#### Activity:
Copy out the listing that follows exactly, dropping every picture.

═════ Information supplied ═════

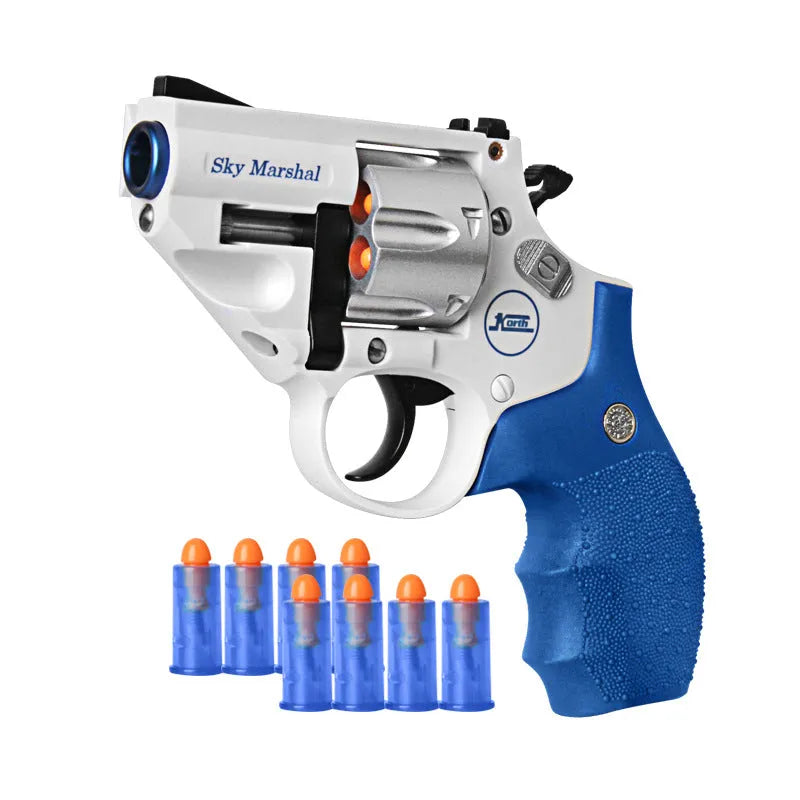 Alloy hand small gun simulation toy model in PA/nylon, sky blue colour, on display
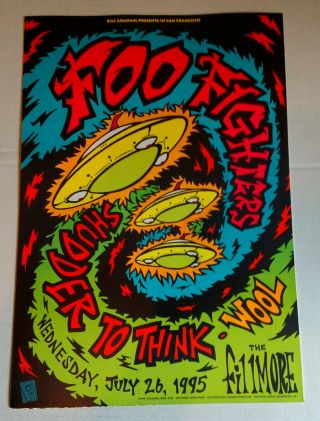 Foo Fighters 1995 The Fillmore San Francisco Rock Concert Poster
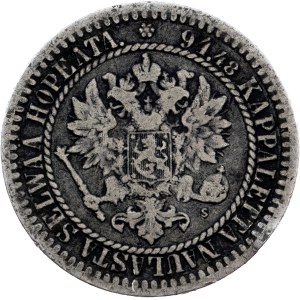 Finlande, 1 markka 1865, S, Helsinki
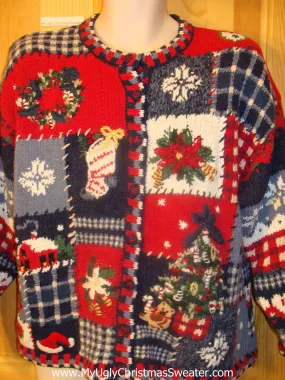 Ugly Christmas Sweater 80s Geometric Cheesy Mess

═════

#### Finished task:
 Alloy hand small gun simulation toy model in PA/nylon, sky blue colour, on display
 Foo Fighters 1995 The Fillmore San Francisco Rock Concert Poster
 Finlande, 1 markka 1865, S, Helsinki
 Ugly Christmas Sweater 80s Geometric Cheesy Mess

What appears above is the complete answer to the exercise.